I have a dataset containing event occurrences, with a start time and duration. I'm trying to get this into a boolean format (i.e. True value when the event was occurring and a False when it was not).
Example dataframe:
time | event_id | duration |
---|---|---|
2 | 1 | 3 |
3 | 2 | 15 |
7 | 1 | 4 |
14 | 3 | 6 |
and my desired output would be:
time | event_1 | event_2 | event3 |
---|---|---|---|
0 | 0 | 0 | 0 |
1 | 0 | 0 | 0 |
2 | 1 | 0 | 0 |
3 | 1 | 1 | 0 |
4 | 1 | 1 | 0 |
5 | 0 | 1 | 0 |
... | ... | ... | ... |
16 | 0 | 1 | 1 |
17 | 0 | 1 | 1 |
18 | 0 | 0 | 1 |
19 | 0 | 0 | 1 |
20 | 0 | 0 | 0 |
My solution at the moment is this:
df = pd.DataFrame(columns=["time", "event_id", "duration"], data=[[2,1,3], [3,2,15], [7,1,4], [14,3,6]])
max_time = 20 # this is an external value but can assume no events happen after this
df = df.pivot(index="time", columns="event_id", values="duration")

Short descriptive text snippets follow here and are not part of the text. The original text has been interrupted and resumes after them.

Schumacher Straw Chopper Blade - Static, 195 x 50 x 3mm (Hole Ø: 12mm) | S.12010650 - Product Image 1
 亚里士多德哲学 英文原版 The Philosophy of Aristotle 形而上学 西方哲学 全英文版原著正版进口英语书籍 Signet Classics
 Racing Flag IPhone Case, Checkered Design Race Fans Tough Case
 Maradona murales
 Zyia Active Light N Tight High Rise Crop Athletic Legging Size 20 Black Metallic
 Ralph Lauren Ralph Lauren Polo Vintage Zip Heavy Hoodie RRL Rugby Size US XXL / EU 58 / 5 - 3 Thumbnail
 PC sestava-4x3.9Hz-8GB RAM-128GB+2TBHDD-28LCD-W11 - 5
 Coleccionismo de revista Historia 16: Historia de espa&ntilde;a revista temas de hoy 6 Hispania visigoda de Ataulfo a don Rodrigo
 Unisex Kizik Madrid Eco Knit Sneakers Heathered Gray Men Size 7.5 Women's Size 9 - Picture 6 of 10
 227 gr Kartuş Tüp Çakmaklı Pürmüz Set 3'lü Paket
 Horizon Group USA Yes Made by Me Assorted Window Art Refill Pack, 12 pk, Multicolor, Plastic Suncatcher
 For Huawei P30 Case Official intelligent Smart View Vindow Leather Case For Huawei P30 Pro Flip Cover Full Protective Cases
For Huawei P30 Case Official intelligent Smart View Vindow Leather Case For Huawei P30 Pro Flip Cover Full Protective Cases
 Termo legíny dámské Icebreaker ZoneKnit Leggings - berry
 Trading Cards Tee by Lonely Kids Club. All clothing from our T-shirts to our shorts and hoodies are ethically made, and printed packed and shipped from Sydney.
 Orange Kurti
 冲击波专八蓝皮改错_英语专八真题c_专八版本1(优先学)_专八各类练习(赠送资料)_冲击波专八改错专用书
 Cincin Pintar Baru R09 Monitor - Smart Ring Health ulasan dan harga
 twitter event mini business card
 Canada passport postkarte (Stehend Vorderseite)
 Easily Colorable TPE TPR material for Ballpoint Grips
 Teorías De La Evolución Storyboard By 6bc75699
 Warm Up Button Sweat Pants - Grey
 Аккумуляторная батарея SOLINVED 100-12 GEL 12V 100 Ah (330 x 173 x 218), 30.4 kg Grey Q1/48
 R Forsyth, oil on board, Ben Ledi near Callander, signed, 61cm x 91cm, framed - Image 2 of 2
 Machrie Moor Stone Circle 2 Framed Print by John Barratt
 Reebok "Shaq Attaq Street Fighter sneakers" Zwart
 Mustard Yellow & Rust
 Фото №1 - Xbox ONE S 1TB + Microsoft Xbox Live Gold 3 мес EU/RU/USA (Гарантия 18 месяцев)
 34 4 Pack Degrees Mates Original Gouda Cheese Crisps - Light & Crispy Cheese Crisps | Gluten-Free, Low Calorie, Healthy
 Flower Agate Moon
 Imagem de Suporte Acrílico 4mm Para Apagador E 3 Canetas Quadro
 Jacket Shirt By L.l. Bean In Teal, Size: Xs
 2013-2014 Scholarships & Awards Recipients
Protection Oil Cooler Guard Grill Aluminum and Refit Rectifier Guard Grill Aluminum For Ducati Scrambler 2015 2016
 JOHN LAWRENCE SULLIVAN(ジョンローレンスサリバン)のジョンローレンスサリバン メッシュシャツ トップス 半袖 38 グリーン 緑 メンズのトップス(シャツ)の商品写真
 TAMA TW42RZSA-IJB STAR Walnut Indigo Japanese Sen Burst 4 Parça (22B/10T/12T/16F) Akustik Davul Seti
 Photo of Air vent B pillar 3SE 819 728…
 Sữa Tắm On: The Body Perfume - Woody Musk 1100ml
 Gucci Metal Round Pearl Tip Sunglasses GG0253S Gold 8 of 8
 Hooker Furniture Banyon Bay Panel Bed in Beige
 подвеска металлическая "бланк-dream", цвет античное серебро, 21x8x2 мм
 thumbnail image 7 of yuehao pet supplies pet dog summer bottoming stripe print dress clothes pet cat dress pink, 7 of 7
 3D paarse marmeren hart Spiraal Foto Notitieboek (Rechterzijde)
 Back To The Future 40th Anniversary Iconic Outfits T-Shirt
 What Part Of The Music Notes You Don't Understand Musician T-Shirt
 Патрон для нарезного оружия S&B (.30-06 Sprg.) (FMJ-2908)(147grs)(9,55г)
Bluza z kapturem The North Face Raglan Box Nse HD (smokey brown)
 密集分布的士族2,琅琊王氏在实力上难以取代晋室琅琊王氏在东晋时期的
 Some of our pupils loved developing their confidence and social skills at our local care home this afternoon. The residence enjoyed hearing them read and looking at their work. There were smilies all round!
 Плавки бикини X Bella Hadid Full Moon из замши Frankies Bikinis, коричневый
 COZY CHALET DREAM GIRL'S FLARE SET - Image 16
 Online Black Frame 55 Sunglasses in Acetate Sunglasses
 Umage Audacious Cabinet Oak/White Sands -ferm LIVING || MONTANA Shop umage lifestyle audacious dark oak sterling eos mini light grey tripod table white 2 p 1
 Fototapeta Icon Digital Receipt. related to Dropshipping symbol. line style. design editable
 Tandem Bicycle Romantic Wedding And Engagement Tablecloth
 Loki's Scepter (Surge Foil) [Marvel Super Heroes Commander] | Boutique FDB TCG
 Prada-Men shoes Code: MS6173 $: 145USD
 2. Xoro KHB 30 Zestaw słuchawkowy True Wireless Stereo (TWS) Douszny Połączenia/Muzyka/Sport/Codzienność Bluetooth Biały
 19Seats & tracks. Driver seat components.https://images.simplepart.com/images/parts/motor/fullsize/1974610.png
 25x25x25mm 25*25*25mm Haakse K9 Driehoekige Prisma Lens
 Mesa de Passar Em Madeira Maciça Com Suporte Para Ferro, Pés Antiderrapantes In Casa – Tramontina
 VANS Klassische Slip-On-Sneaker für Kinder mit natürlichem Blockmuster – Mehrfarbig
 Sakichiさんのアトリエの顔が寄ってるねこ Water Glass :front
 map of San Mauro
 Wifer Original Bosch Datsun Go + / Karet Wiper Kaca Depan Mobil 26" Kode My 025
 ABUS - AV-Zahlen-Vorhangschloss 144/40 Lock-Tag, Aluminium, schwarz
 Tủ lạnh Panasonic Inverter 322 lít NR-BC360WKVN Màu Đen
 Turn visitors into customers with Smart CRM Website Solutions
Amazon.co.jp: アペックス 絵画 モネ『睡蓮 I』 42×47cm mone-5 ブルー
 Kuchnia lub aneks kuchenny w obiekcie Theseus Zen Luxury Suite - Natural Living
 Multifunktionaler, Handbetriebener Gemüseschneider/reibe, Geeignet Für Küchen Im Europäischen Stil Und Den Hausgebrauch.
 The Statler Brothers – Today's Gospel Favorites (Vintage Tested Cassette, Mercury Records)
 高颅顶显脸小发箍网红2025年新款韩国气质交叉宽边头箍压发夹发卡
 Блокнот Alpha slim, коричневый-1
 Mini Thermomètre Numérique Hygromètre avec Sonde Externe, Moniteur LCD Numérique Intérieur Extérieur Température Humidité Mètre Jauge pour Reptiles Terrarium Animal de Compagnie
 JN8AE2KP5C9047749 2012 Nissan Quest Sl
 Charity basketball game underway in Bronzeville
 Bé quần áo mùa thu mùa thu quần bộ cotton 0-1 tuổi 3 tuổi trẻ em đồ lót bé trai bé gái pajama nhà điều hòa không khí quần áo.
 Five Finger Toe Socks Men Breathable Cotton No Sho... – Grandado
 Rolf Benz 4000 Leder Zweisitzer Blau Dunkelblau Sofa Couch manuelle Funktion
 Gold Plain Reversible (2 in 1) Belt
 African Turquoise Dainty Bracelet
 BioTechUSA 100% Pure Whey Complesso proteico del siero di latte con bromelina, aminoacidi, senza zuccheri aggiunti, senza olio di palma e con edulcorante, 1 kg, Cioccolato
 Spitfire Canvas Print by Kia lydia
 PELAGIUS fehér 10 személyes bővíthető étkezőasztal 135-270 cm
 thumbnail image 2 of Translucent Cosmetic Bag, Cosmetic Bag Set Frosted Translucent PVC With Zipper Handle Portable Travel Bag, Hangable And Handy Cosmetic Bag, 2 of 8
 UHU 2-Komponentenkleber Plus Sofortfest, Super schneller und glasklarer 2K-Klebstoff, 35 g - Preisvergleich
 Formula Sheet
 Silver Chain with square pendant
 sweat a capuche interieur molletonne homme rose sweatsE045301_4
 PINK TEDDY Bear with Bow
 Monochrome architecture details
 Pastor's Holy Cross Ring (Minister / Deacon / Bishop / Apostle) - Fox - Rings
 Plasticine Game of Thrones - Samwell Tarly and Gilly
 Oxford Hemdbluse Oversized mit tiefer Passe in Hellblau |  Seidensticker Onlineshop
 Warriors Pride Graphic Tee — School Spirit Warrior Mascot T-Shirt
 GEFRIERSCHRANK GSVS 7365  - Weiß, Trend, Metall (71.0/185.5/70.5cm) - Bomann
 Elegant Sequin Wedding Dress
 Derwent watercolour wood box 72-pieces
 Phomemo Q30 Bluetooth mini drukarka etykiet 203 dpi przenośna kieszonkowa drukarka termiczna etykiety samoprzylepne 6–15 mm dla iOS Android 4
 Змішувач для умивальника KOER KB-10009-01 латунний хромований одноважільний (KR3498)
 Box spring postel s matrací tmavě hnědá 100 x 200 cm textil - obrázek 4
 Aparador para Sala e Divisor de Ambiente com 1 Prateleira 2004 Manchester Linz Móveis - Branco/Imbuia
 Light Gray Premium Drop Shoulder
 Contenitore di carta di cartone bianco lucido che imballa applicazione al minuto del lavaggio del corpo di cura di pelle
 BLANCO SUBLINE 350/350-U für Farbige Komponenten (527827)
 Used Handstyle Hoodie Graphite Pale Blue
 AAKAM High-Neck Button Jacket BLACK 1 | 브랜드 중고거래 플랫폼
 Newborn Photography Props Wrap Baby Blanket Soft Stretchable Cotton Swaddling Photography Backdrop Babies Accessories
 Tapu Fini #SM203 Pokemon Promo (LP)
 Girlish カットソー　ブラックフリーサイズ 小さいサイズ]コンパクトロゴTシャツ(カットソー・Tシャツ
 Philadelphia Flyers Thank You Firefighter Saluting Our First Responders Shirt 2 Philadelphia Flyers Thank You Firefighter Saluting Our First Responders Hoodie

t = np.arange(0, max_time+1, 1)
df = df.reindex(t)
for col in df:
not_null = df.loc[~df[col].isna(), col]
for start, length in not_null.items():
df.loc[start:start+int(length)-1, col] = 1
df = df.fillna(0).astype(int)
This works but because I'm nesting a loop it doesn't feel very scalable, and I want to be able to log hundreds of events over spans of several hours. Is there way I can do this with pandas functions to parallelise this more?